Limits and drawbacks of today’s fight against the underuse of AI - also but not only for health - do not simply depend on the legal means employed by national governments and their public agencies, i.e., the soft tools of the law and methods of cooperation, rules of coordination, etc. Rather, the risk that an increasing set of AI systems for medicine and digital health may pile up in (the warehouse of) start-ups and research centers has to do with the lack of such coordination mechanisms and cooperation in several countries and jurisdictions. Even at their possible light, we should admit however that current policies and initiatives against the underuse of AI require time. Consider the modernization of such organizations, such as the FDA, or the WHO, or matters of public and business trust, or distrust, that are time demanding par excellence. Moreover, the development of new legal and technical standards for AI in medicine and health should not be expected to occur overnight. The assessment of misuses or underuses of AI systems, technical standards for connectivity and data processing, further standards of EU law for the class of ‘high-risk’ AI systems employed in medicine and for human healthcare, etc., should rather be understood as a part of the work that has to be done in the future.

This medium-term perspective does not preclude short-term recommendations on the ways in which current mechanisms of cooperation, soft law, engagement, and cooperation for the fight against the underuse of AI can be improved. These recommendations regard models of legal governance, standards, evaluation of opportunity costs, and the overall relevance of the problem, i.e., the ‘major threat’ of AI underuse for health.

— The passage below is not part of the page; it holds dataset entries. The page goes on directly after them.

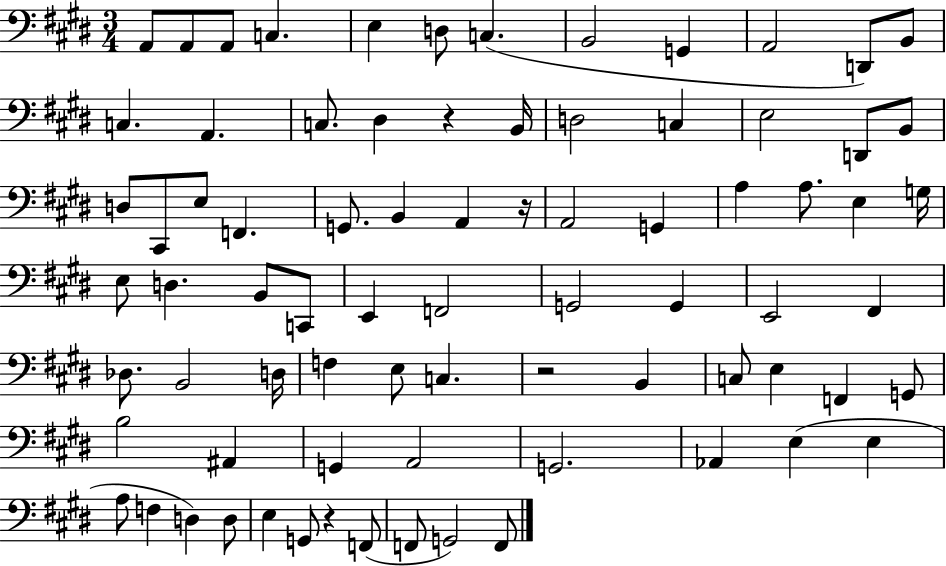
X:1
T:Untitled
M:3/4
L:1/4
K:E
A,,/2 A,,/2 A,,/2 C, E, D,/2 C, B,,2 G,, A,,2 D,,/2 B,,/2 C, A,, C,/2 ^D, z B,,/4 D,2 C, E,2 D,,/2 B,,/2 D,/2 ^C,,/2 E,/2 F,, G,,/2 B,, A,, z/4 A,,2 G,, A, A,/2 E, G,/4 E,/2 D, B,,/2 C,,/2 E,, F,,2 G,,2 G,, E,,2 ^F,, _D,/2 B,,2 D,/4 F, E,/2 C, z2 B,, C,/2 E, F,, G,,/2 B,2 ^A,, G,, A,,2 G,,2 _A,, E, E, A,/2 F, D, D,/2 E, G,,/2 z F,,/2 F,,/2 G,,2 F,,/2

The first recommendation has to do with a lesson learnt from medium- and low-income countries and their success stories. The first step is to clarify the specific threats of AI underuse that should be prioritized in a certain country. The initiatives should be scalable through the modularization of the projects. The model can be extended to high-income countries with no experience of co-regulatory approaches. The modularity and scalability of the approach should help the law tackling the mid-term issue of the modernization of public agencies and organizations.

The second recommendation regards the development of new legal standards. They shall include the finetuning of different degrees of legal compliance. The more public agencies and governments (properly) insist on the soft law tools of cooperation and engagement, the less a traditional binary approach is fruitful. We need future work on how to evaluate the success, or unsuccess of their policies, through different degrees of legal compliance, between 0 (compliance) and 1 (non-compliance).

The third recommendation brings us back to the evaluation of the opportunity costs that follow the underuse of AI systems in the health sector. We need future work on how much it costs not to use them, according to different classes and services of AI systems, in different jurisdictions, e.g., common law and civil law, and in different cultures and traditions, e.g., the civil law of France or Italy. Empirical research is critical to shed light on these differences and set up corresponding policies.

The fourth recommendation regards the urgency of the problem. It depends on the exponential growth and advancements of AI. By considering the flourishment of AI systems for health, the alternative to the use of trustworthy AI systems is not the simple protection of the status quo. Due to advancements of AI techniques and the speed of AI innovation, the alternative is abating the level of protection of today’s rights, exponentially. We should take the underuse of AI and its opportunity costs seriously. The underuse of AI can be grasped as a waste of time, money, resources, and quality of life. This is a human tragedy. No country can afford it.